Voor het eerst naar Reitsum (1863 tot 1866).

De hervormde kerk te Reitsum, zoals die er rond 1723 uitzag.

Op 27 september 1863 nam hij afscheid van zijn eerste gemeente en toog naar het uiterste noorden van Friesland, naar ‘de drie naakte, nietige dorpjes, Vlieterpen of vluchtheuvels geheten’, slechts bereikbaar ‘langs smalle puindijkjes. (…) Op een deels  afgegraven terp staat een zwaargebouwd kerkjen, van een kerkhof omgeven. Eene groote boerenplaats, nog een paar boerenhofsteden, eene school met meestershuis en eenige arbeiderswoningen, ziedaar alles’.

Hoe klein, nietig en naakt ook, elk van de drie dorpjes had een eigen hervormd kerkje en twee van de drie – Genum en Reitsum – hadden voorname bewoners gehad. Bij Genum stonden twee adellijke huizen, die van Roorda en Aylva, en bij Reitsum (hoewel dicht bij Lichtaard) dat van de adellijke familie Stania. Ze waren overigens allang verdwenen en er voor in de plaats waren grote boerderijen gekomen. Ds. Ploos van Amstel deed intrede op 11 oktober 1863, nadat hij door ds. L.A. Offerhaus van Wanswerd-Jislum  in het ambt bevestigd was.  De intreepreek ging over 2 Corinthiërs 3 vers 5: “Niet dat wij van onszelven bekwaam zijn iets te denken, als uit onszelven; maar onze bekwaamheid is uit God“. De kerk zat hier al direct vol. Men had kennelijk al veel over de nieuwe dominee gehoord. Ook nadien bleef de kerk gevuld met toehoorders uit de zeer wijde omtrek. Het deerde hen niet als dominee soms drie uur achtereen preekte, want ze dronken zijn woorden.
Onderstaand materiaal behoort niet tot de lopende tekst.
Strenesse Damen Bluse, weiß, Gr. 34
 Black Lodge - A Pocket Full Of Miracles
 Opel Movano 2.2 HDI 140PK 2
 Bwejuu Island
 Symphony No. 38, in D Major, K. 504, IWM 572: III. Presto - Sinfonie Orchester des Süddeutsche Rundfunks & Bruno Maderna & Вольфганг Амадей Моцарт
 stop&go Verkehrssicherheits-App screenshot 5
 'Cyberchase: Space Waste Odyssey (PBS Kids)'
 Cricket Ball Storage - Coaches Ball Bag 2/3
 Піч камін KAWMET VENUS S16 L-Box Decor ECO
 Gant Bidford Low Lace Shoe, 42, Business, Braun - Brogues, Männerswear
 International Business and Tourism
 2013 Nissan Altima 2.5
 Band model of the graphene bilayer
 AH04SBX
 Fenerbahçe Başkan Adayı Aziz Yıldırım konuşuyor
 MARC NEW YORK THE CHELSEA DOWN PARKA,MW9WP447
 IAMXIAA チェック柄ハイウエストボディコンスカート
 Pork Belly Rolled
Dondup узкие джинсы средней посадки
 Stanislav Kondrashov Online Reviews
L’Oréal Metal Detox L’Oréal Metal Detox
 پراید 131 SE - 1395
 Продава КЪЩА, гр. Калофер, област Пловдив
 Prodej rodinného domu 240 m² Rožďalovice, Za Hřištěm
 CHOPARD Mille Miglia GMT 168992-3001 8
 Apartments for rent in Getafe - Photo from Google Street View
Het hervormde kerkje te Genum, zoals dat er omstreeks 1723 uit zag (tek.: ‘De geschiedenis gaat door Het eigen Dorp’).

“Van heinde en ver kwam men hem horen en in de pastorie werden alle vreemdelingen allergulst ontvangen. Vissers uit het dorp Paesens, landvolk en mensen uit de stad, zij allen vulden de ruime voorkamer. Waar de trekpot het afleggen moest, werd naar Friese zede een handvol thee in de ketel geworpen en – die kon het thee schenken volhouden. Ds. Ploos zat dan midden in zijn volkje en al had de preek de nodige lengte volkomen gehad, onvermoeid sprak hij voort uit en over het leven des geloofs”, zo schreef dr.L.H. Wagenaar (1855-1910) later.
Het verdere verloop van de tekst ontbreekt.